在《墓碣文》中,“我梦见自己正和墓碣对立”,墓碣上写着,“于浩歌狂热之际中寒;于天上看见深渊。于一切眼中看见无所有;于无所希望中得救”;而死尸在坟中坐起,口唇不动,却在说话。这是托于梦境的,因此得以展现“无所有”的场境,但每一个场境都是那么乖离,无非时代巨大冲撞而又如入“无物之阵”而已。
《复仇》描述了一种时间停滞的状态:两个人“裸着全身,捏着利刃,对立于广漠的旷野之上”,人们四面奔来,要看点什么。然而,“他们俩对立着,在广漠的旷野之上,裸着全身,捏着利刃,然而也不拥抱,也不杀戮,而且也不见有拥抱或杀戮之意”,路人们于是乎无聊。他们俩干枯地立着,“以死人似的眼光,赏鉴这路人们的干枯,无血的大戮”。两人以无所为的对立,完成了对看客的大戮。时间吸食了两人的对立,更重要的是吸食了看客的生命。

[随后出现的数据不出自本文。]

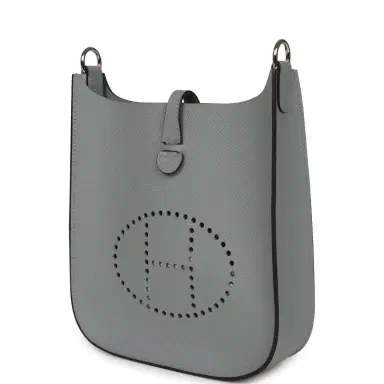 HERMÈS Hermes Evelyne Sellier TPM Gris Pantin Epsom Palladium Hardware | Thumbnail 5 HERMÈS Hermes Evelyne Sellier TPM Gris Pantin Epsom Palladium Hardware | Thumbnail 5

《淡淡的血痕中》将时间的淡化作用化为对造物主的讽刺:“他暗暗地使天变地异,却不敢毁灭一个这地球;暗暗地使生物衰亡,却不敢长存一切尸体;暗暗地使人类流血,却不敢使血色永远鲜秾;暗暗地使人类受苦,却不敢使人类永远记得”;“他专为他的同类——人类中的怯弱者——设想,用废墟荒坟来衬托华屋,用时光来冲淡苦痛和血痕;……他必须使一切也欲生;他还没有灭尽人类的勇气”。
《失掉的好地狱》展现了时间更替中的人鬼怪剧:美丽、慈悲、遍身有大光辉的魔鬼,悲愤于“好地狱”的失去,群鬼倏忽记起人世,向人间发出反地狱的绝叫,人类便应声而起,征伐鬼域,获得胜利。鬼魂一齐欢呼时,人类已整饬起地狱,叱咤一切鬼众。鬼魂于是作了人类的叛徒,但迎来人类更严厉的整饬。鬼众一样呻吟,一样宛转,不暇记起失掉的好地狱。“人类的成功,鬼魂的不幸”,不过是鬼魂自招。然而,“我”还是拒绝与人为伍去统治鬼,而是寻鬼去。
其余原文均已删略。